It's a totally different story in Georgia where you have pest control on a retainer.
When I stayed in the ground floor condo, I would wake up to palmetto bugs in the house. I would chase them around at 4am with the vacuum cleaner because they were too huge for me to deal with.
The bug vac I had ready in Minneapolis? Useless against the bugs down here.
But the condo was old and not well-sealed. Things would be better when I bought a house down here and moved in.
And things were better. Mostly.
There was just this one little problem in my new home. The scorpions. I can still remember the first time I saw one. It was in my bedroom, it's tail curved up and I'm like, GAH! What do I do? My usual tactic of spraying bugs wasn't going to work because of its shell. I finally stepped on it. EWWWW! But I was wearing my Birkenstock sandals, so I knew my foot would be safe and it's not like I wanted that thing hanging around, and maybe making more scorpions.
So every time pest control came out, I had them spray the attic for scorpions. That's how they were getting in the house. Or at least that's what we suspected.

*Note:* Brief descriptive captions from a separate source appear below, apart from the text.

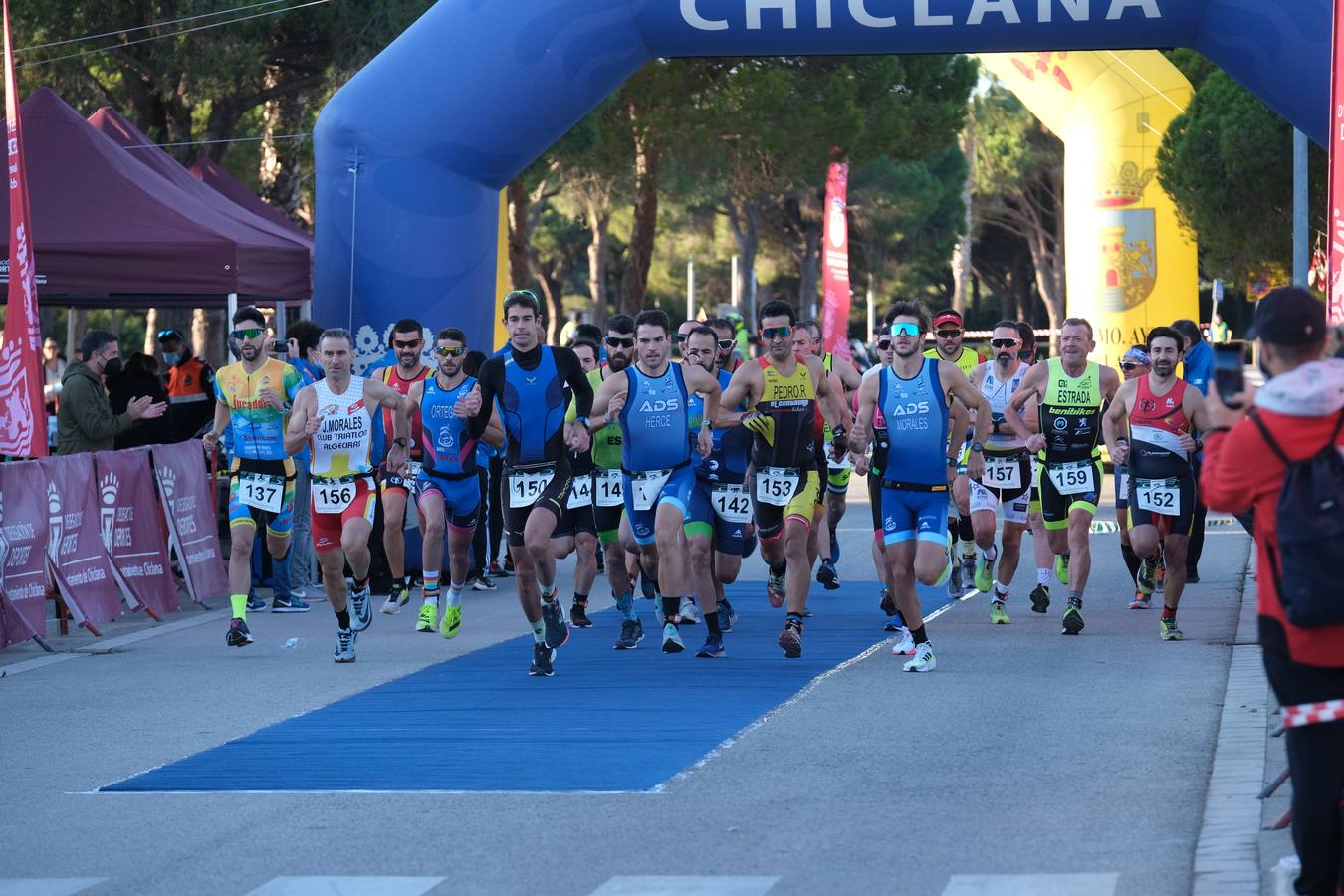 XXVII Duatlón Ciudad de Chiclana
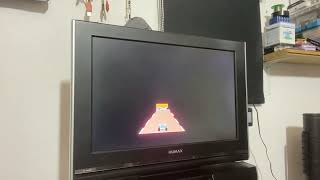 Buggy boy Amstrad cpc gameplay #amstradcpc464 #retro #retrogaming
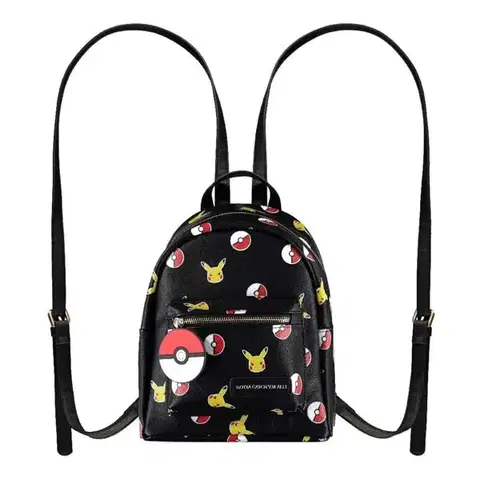 Herný merchandise Batoh Pokémon Pikachu Pokéball Mini MP481725POK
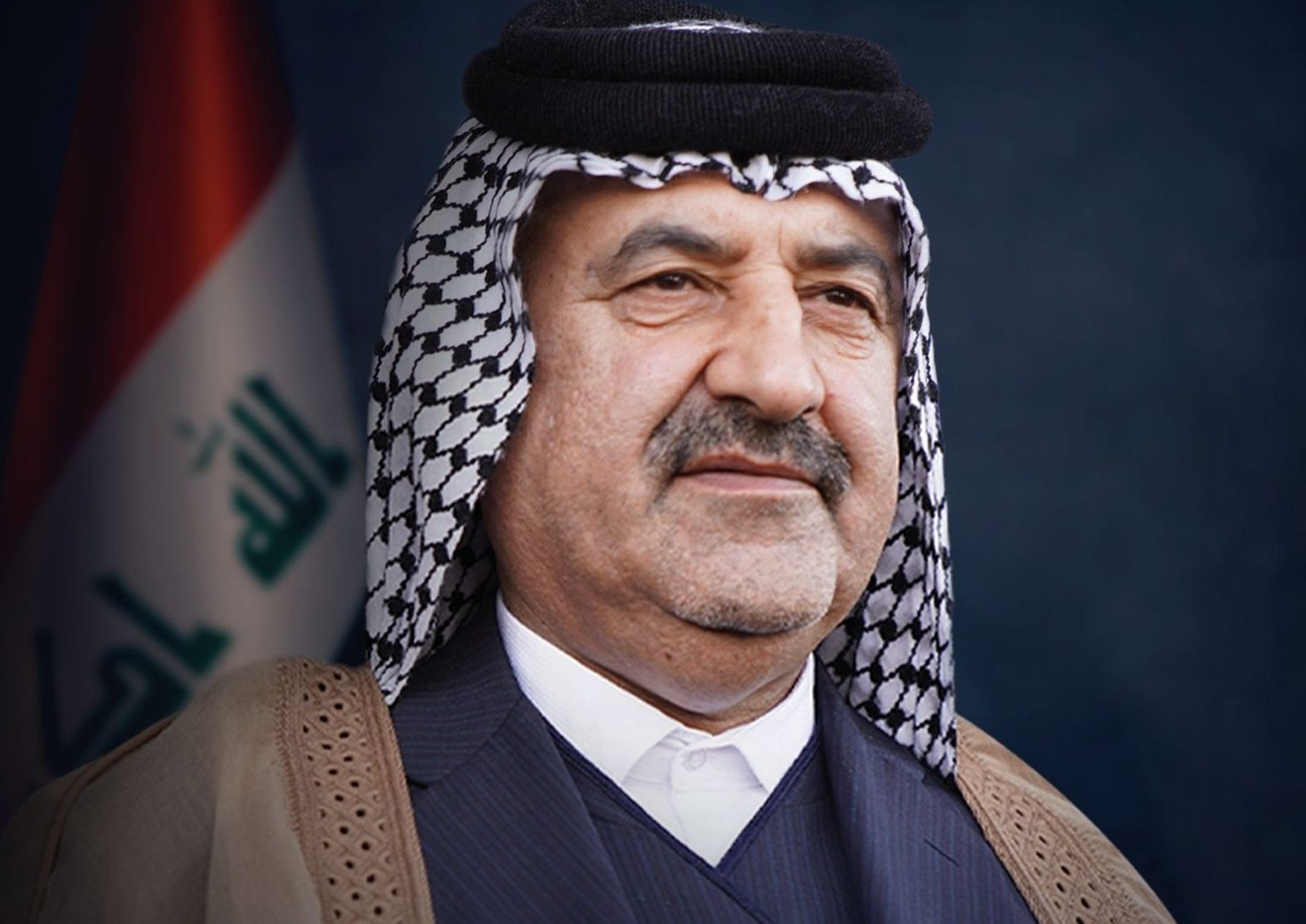 عضو كتلة الإعمار والتنمية النائب محمد سعدون الصيهود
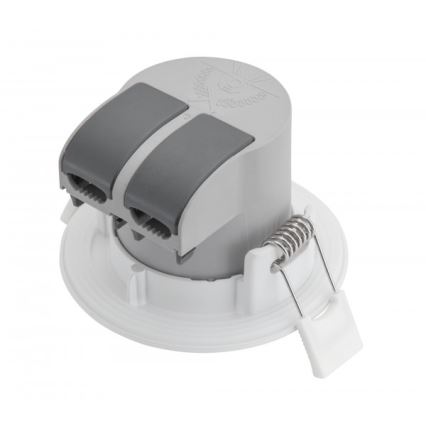 Philips - Infälld dimbar LED badrumsbelysning DIVE LED/5,5W/230V IP65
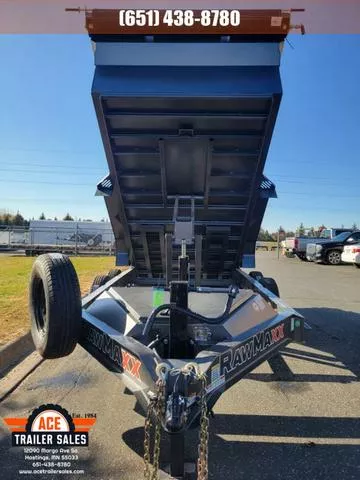 new Dump Trailers RawMaxx  for sale, in Hastings, MN Thumbnail 10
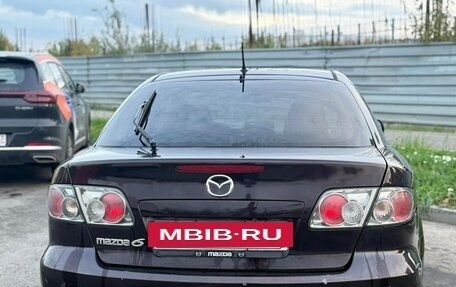 Mazda 6, 2006 год, 700 000 рублей, 4 фотография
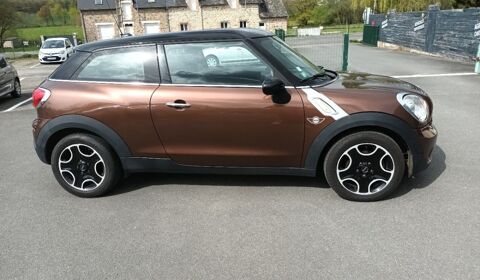 Annonce voiture Mini Paceman 13900 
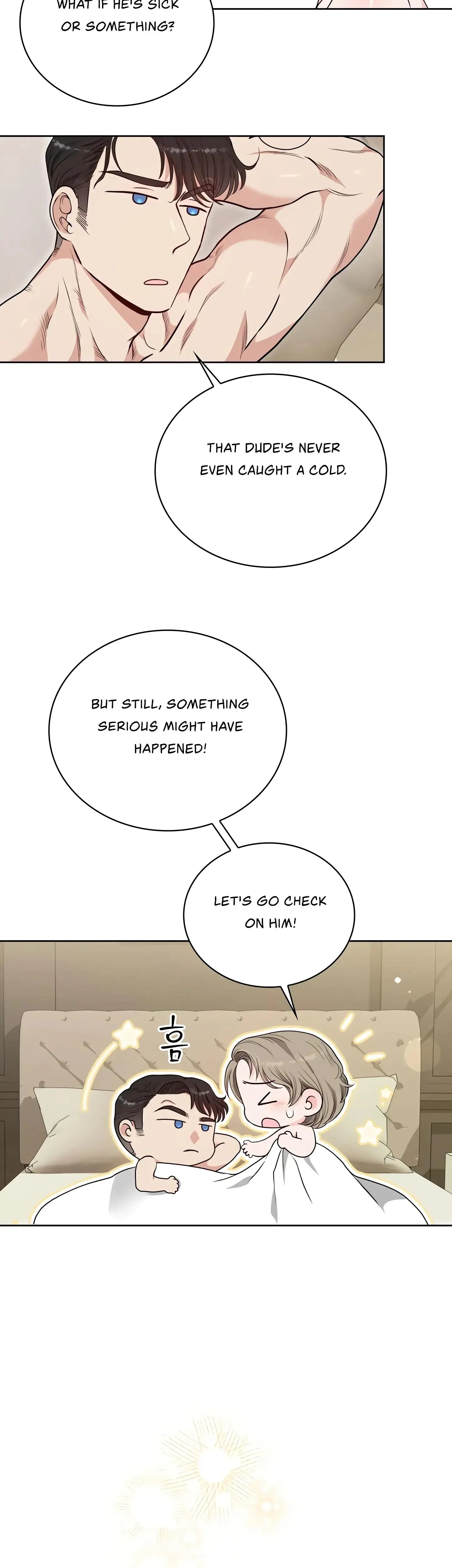Twenty Years Old Physical Education Students Chapter 26 - Page 16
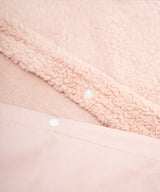 Sleeptime Teddy Dekbedovertrek Roze - Dromen & Wonen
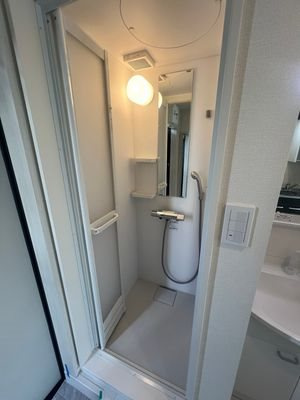 カーサ エスト 小岩 のシャワールーム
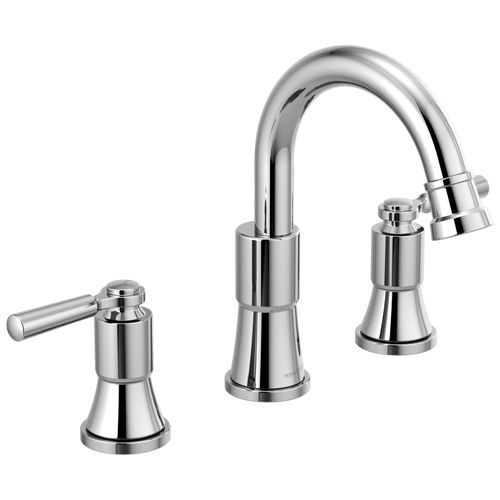 Main product image of Westchester Two Handle Widespread Bathroom Faucet (Chrome), P3523LF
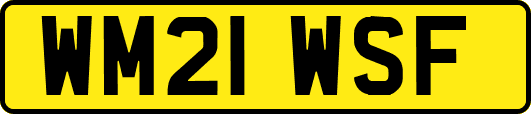 WM21WSF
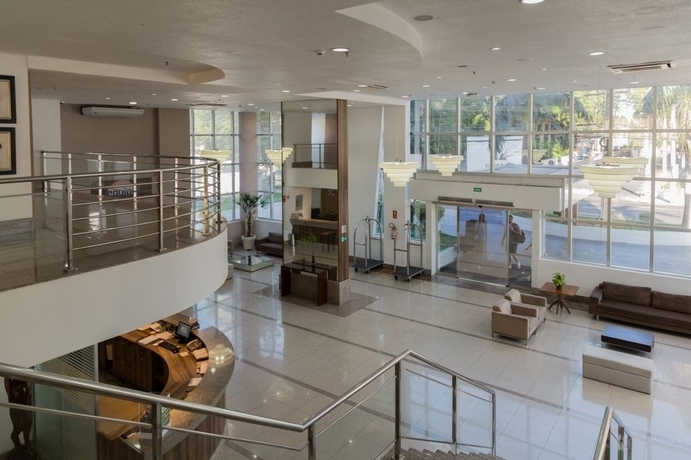 Imagen de los interiores del Hotel Blue Tree Premium Manaus. Foto 13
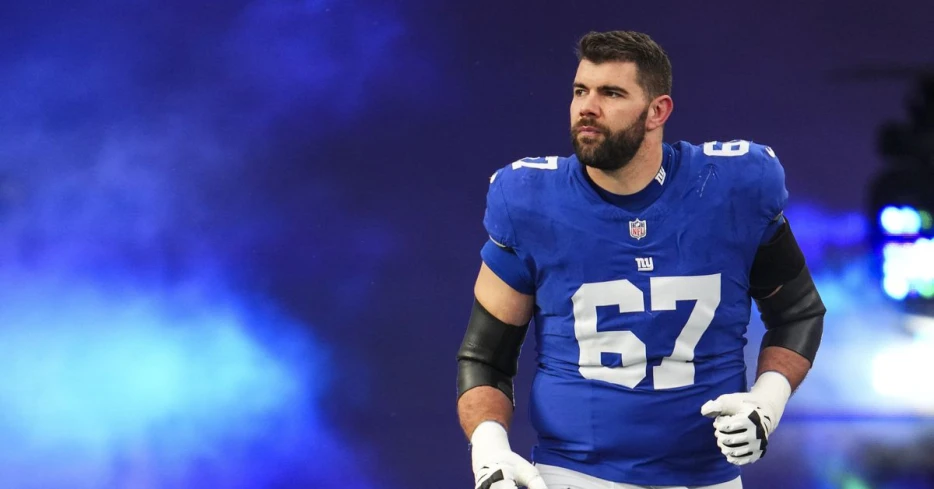 Justin Pugh officially retires as a Giant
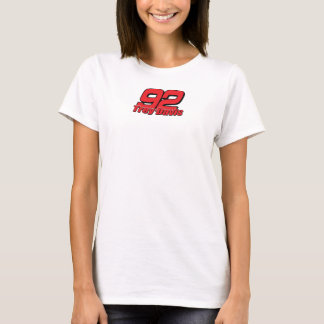Damen-Baby - Puppe Trey Davis Shirt (angepasst)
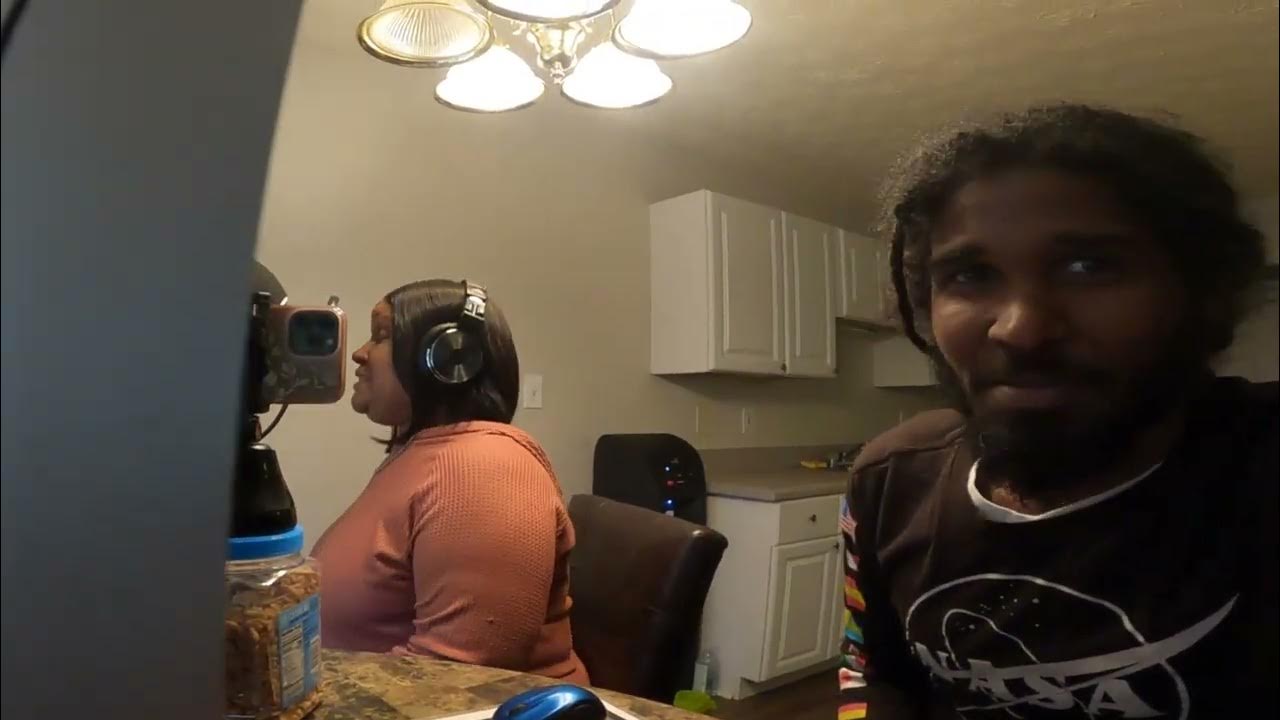 Mother and Son recording #music #artist #koulie #reggae #theytrippin #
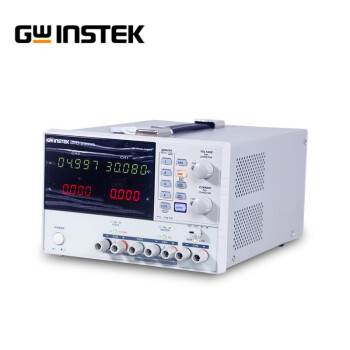 GWINSTEK GPD-4303S 多路线性稳压电源4通道（3A/30V/195W）1年维保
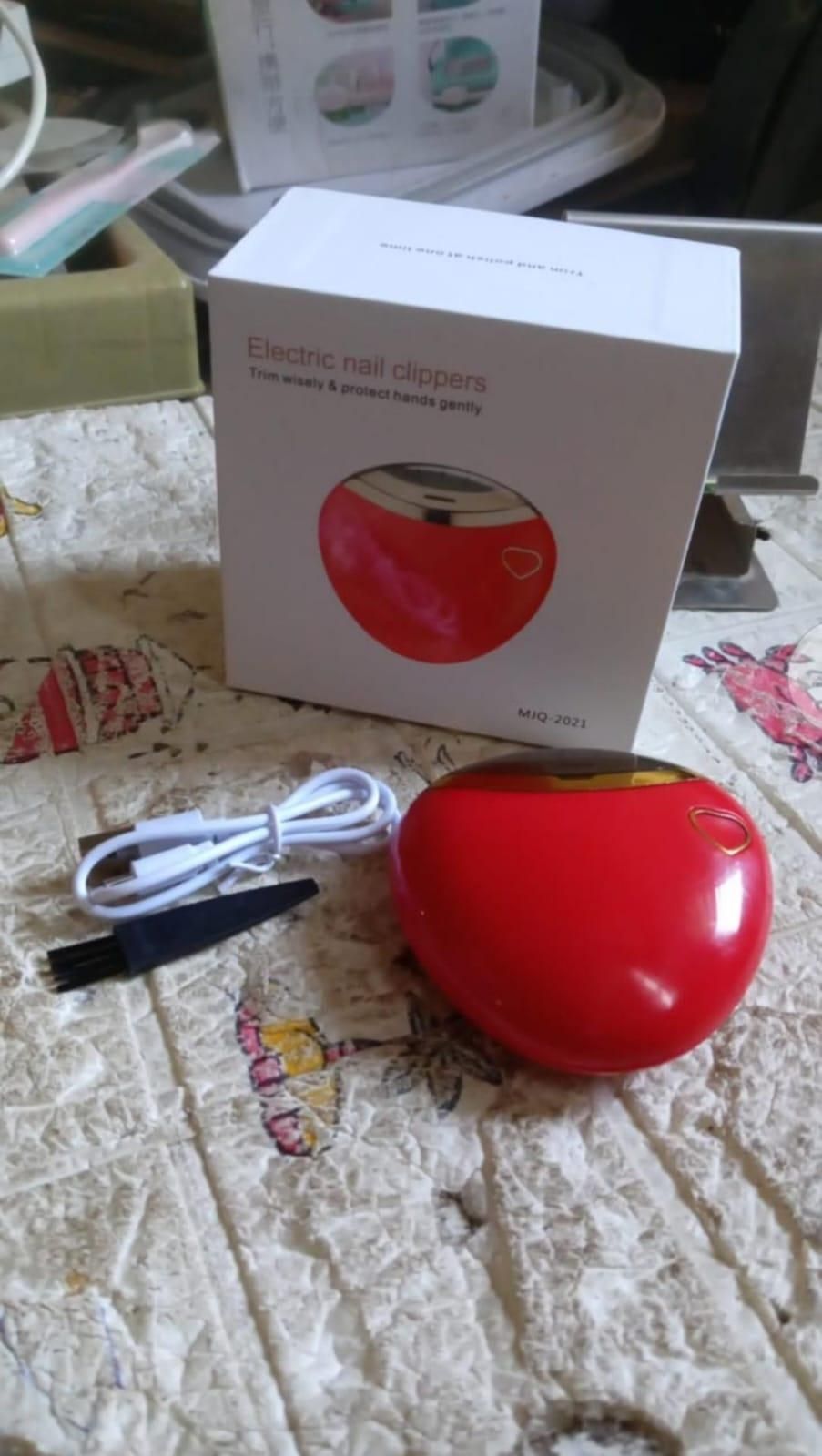 Electric Nail Trimmer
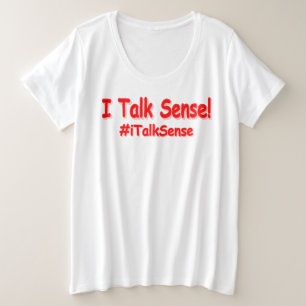 "Je Parle Sens" Joli Design. Acheter maintenant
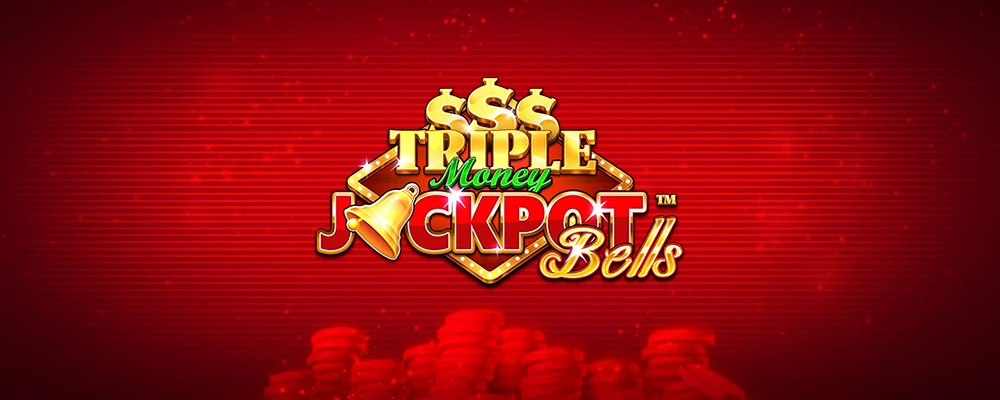 855bet Sinos de Jackpot de Dinheiro Triplo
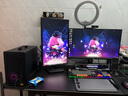 華碩ROG XG27ACS絕殺 27英寸顯示器2K電競(jìng) 144Hz顯示器原生180Hz高刷 FastIPS 1ms響應(yīng)G-SYNC HDR400 曬單實(shí)拍圖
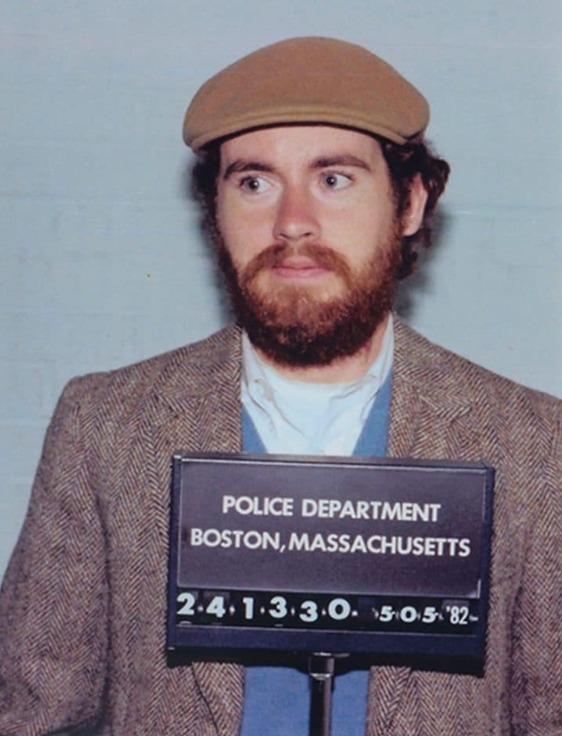 Brian McDevitt, a con man and convicted would-be art thief, quickly became one of the leading suspects in the 1990 Gardner Museum heist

My second house down here has no scorpions. The bug situation has been blessedly calm. Until last Wednesday. My dad reported to me that there were ants in his bathroom. But he wasn't positive they were ants and wanted me to look at them. No! I don't want to see bugs.
He was going to put down sticky traps and I told him to call pest control. This is what I'm paying them for--quarterly spraying and to show up whenever there's a bug issue.
The pest guy came out last Friday and said they were spider ants. WTF are spider ants? I'm not Googling that! He also sprayed outside and around the doorways and the kitchen although we hadn't seen anything there. Fingers crossed that this takes care of the problem.
If bugs want to live, they need to stay out of the perimeter of death around my house and they for dang sure need to stay out of my home. No bugs allowed.